Liver protection

RNA interference targeting Fas protects mice from fulminant hepatitis.

Tudor Toma(t.toma@ic.ac.uk)
Feb 9, 2003

RNA interference is a promising tool that can block expression of key genes involved in disease mechanisms, but its clinical potential has been unclear. In the February 10 Nature Medicine, Erwei Song and colleagues at Harvard Medical School, Boston, Massachusetts, USA, show that RNA interference (RNAi) targeting the gene Fas (also known as Tnfrsf6, encoding the apoptosis Fas receptor) can protect mice from fulminant hepatitis (Nature Medicine, DOI:10.1038/nm828, February 10, 2003).
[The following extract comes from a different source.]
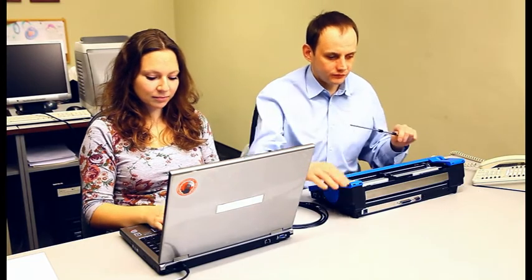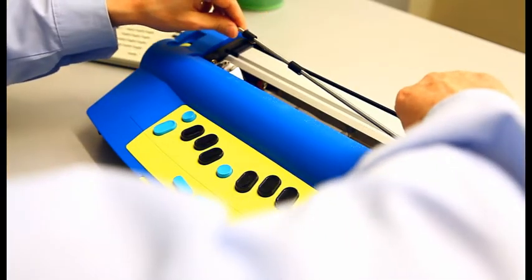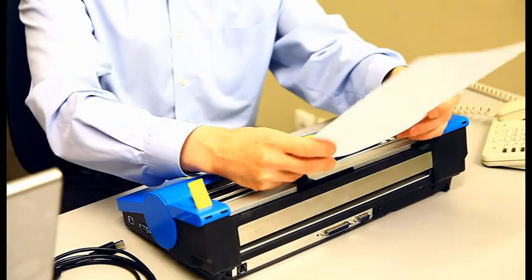The paper bale that is normally removed can be reinstalled for embossing — it helps the paper stay in place. Lift the paper lever up, move the right margin adjuster all the way to the right, and put the paper bale in. When you have put your paper in, readjust the right margin.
Song et al. investigated the effects of intravenous siRNA injection targeting Fas on mouse hepatocytes in vivo. They observed that Fas siRNA specifically reduced Fas mRNA levels and expression of Fas protein in the liver. The cells subsequently became resistant to apoptosis when exposed to Fas-specific antibody or when co-cultured with concanavalin A (ConA)-stimulated hepatic mononuclear cells. In addition, they showed that treatment with Fas siRNA abrogated hepatocyte necrosis and inflammatory infiltration and protected mice...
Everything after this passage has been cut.